Match List I (Trigonometric Square Root Expressions) with List II (Simplified Functions):

List I		List II
A.	\(\sqrt{1 - \text{Kotijya}^2}\)	I.	Kotijya
B.	\(\sqrt{1 - \text{Jya}^2}\)	II.	Jya
C.	\(\text{Sparsha-rekha}\) (Tangent)	III.	\(\frac{\text{Kotijya}}{\text{Jya}}\)
D.	\(\text{Koti-sparsha-rekha}\) (Cotangent)	IV.	\(\frac{\text{Jya}}{\text{Kotijya}}\)

• A. A-I, B-II, C-III, D-IV
• B. A-III, B-IV, C-II, D-I
• C. A-IV, B-III, C-I, D-II
• D. A-II, B-I, C-IV, D-III

Hint:

Remember: Jya = Sine, Kotijya = Cosine. Sparsha (Touch) = Tangent. The term "Koti" usually refers to the "complementary" or "adjacent" side.

Answer 1

The Correct Option is D

Step 1: Understanding the Concept:
Indian trigonometry is fundamentally based on the Pythagorean relationship within a unit circle (though scaled by Trijya). The Sine is 'Jya' and the Cosine is 'Kotijya'. The derived ratios for the tangent and cotangent were defined by the length of shadow segments, known as 'Sparsha-rekhas'.

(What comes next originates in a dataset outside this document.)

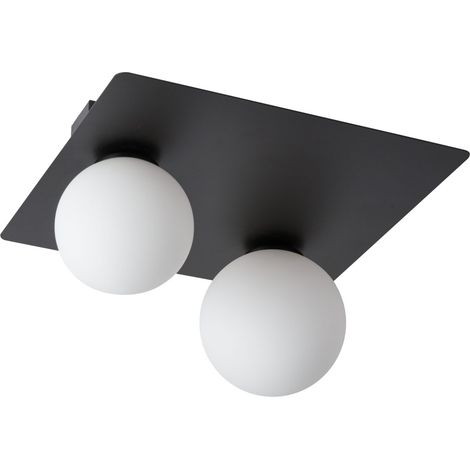 Plafonnier carré noir 2 globes verre Sigma Argon G9 (1/3)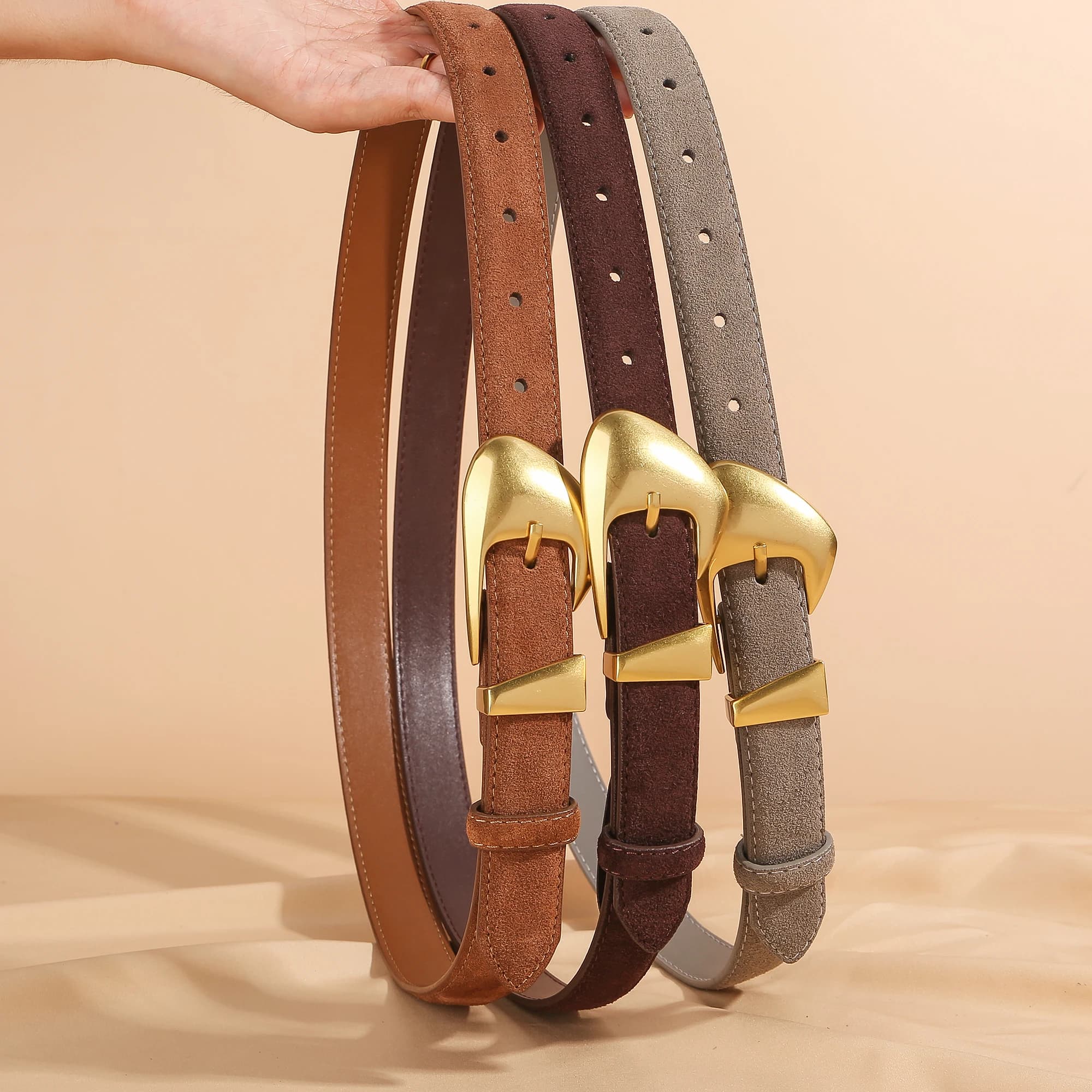 Ceinture de luxe en cuir de vache et daim pour femmes, Style Vintage avec boucle dorée, ceinture de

Step 2: Detailed Matching using Pythagorean Identities:
1. Identity for Jya (A): Since \(\sin^2 \theta + \cos^2 \theta = 1\), we have \(\sin \theta = \sqrt{1 - \cos^2 \theta}\). In Siddhantic terms:
\[ \text{Jya} = \sqrt{R^2 - \text{Kotijya}^2} \]
(Assuming $R=1$ for simplicity in matching). Therefore, A matches with II.
2. Identity for Kotijya (B): Similarly, \(\cos \theta = \sqrt{1 - \sin^2 \theta}\). In Siddhantic terms:
\[ \text{Kotijya} = \sqrt{R^2 - \text{Jya}^2} \]
Therefore, B matches with I.
3. Tangent (C): 'Sparsha-rekha' is the Sanskrit term for Tangent. In terms of primary functions:
\[ \tan \theta = \frac{\sin \theta}{\cos \theta} \rightarrow \text{Sparsharekha} = \frac{\text{Jya}}{\text{Kotijya}} \]
Therefore, C matches with IV.
4. Cotangent (D): 'Koti-sparsharekha' is the Cotangent.
\[ \cot \theta = \frac{\cos \theta}{\sin \theta} \rightarrow \text{Koti-sparsharekha} = \frac{\text{Kotijya}}{\text{Jya}} \]
Therefore, D matches with III.

Step 3: Verification:
Sequence: A-II, B-I, C-IV, D-III. This matches Option (4).

Step 4: Final Answer:
The list correctly identifies the fundamental Pythagorean and reciprocal relationships in Jya-ganita.